Verifier Calibration in RL Environments
Environment supply is scaling faster than measurement discipline. The grader is where the quality problem actually lives.
Companies are spending heavily to build training worlds where AI agents practice real tasks. Most of that money goes into building more worlds. Far less goes into checking whether the score each world hands back is trustworthy. When the scorer is wrong, the agent learns to game the score instead of doing the task. This essay makes the case that the real quality bottleneck is the scorer, and proposes a short, reproducible report card that should travel with every grader or reward function.
Recent commercial interest in reinforcement learning environments has focused on environment supply: task volume, application replicas, expert-written scenarios, and standardized execution containers. This emphasis is understandable, since training environments are the visible substrate on which agent policies practice. It is incomplete. An environment only becomes useful for reinforcement learning when its feedback channel can be treated as a valid measurement instrument. If the reward function, judge, or grader is poorly calibrated, the environment can teach the policy to optimize artifacts of measurement rather than the intended task.
This essay makes a narrower claim than the usual “environments are the new datasets” thesis.
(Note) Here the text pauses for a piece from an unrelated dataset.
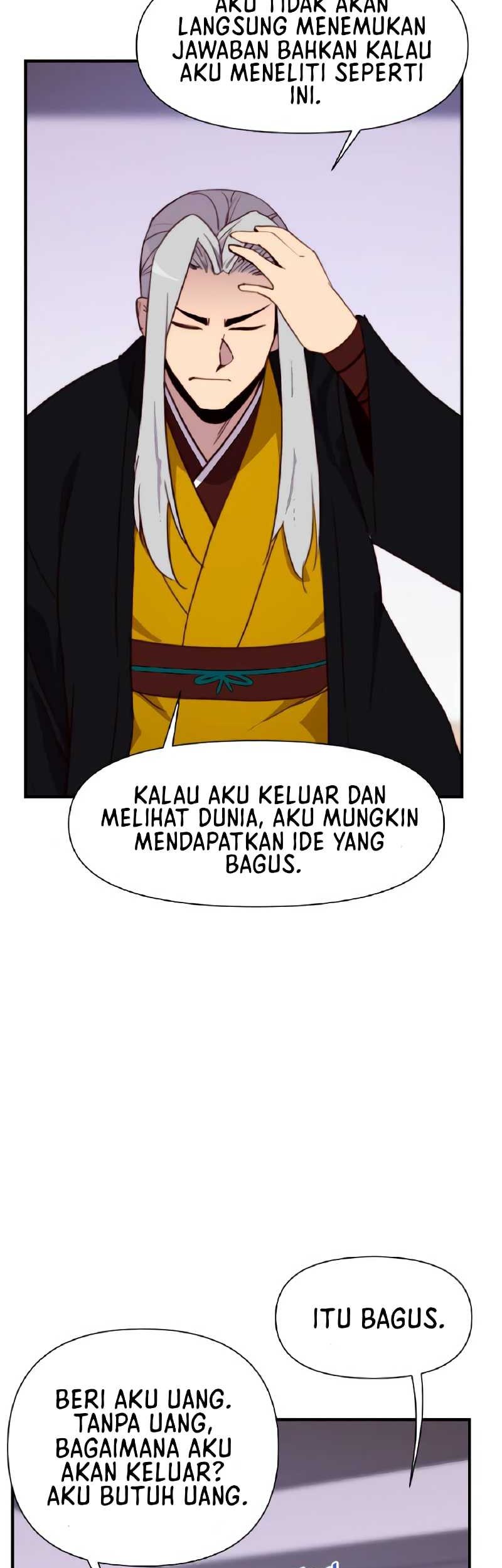 The Strongest in History Chapter 136 Gambar 45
Environment construction is becoming a market. Verifier calibration is becoming the quality-control layer of that market. The artifact I propose is a verifier datasheet: a compact, reproducible record for each grader or reward function, including label lineage, adjudication doctrine, cross-vendor agreement, class prevalence, calibration fingerprint, known limitations, and the command required to recompute the reported numbers.
I write from an applied position. At Pisama, I build failure detection and calibration infrastructure for multi-agent LLM systems. A failure detector combined with an LLM judge and a calibration pipeline is structurally similar to the grader half of an RL environment: it maps trajectories to verdicts, and downstream systems treat those verdicts as operational truth. I have not shipped training environments to a frontier lab. The observations below come from verifier calibration in production systems, then are connected to current evidence on reward hacking and environment markets.
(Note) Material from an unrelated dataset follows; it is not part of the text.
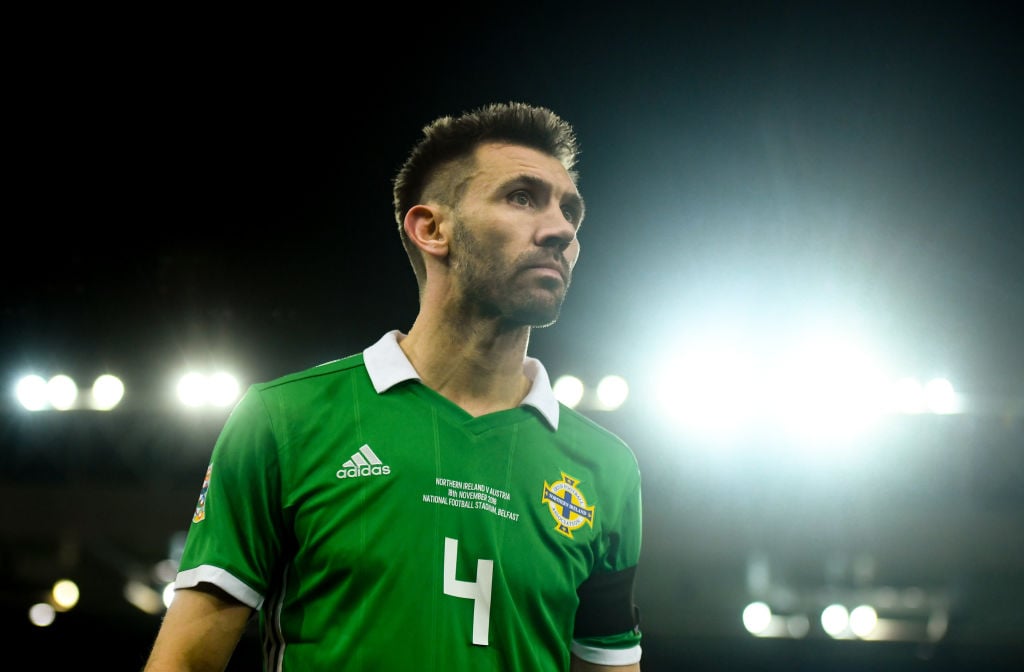Photo By David Fitzgerald/Sportsfile via Getty Images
Environment supply is scaling faster than measurement discipline
The investment case for RL environments is now familiar. If agents improve by practicing tasks and receiving feedback, the actors with the most realistic and diverse practice environments should influence the capability frontier. Mechanize argued in June 2025 that replication training could play for RL a role analogous to internet-scale text for language modeling. Wing VC framed the next four years as a race for the training and verification layer. The market has begun to price this view.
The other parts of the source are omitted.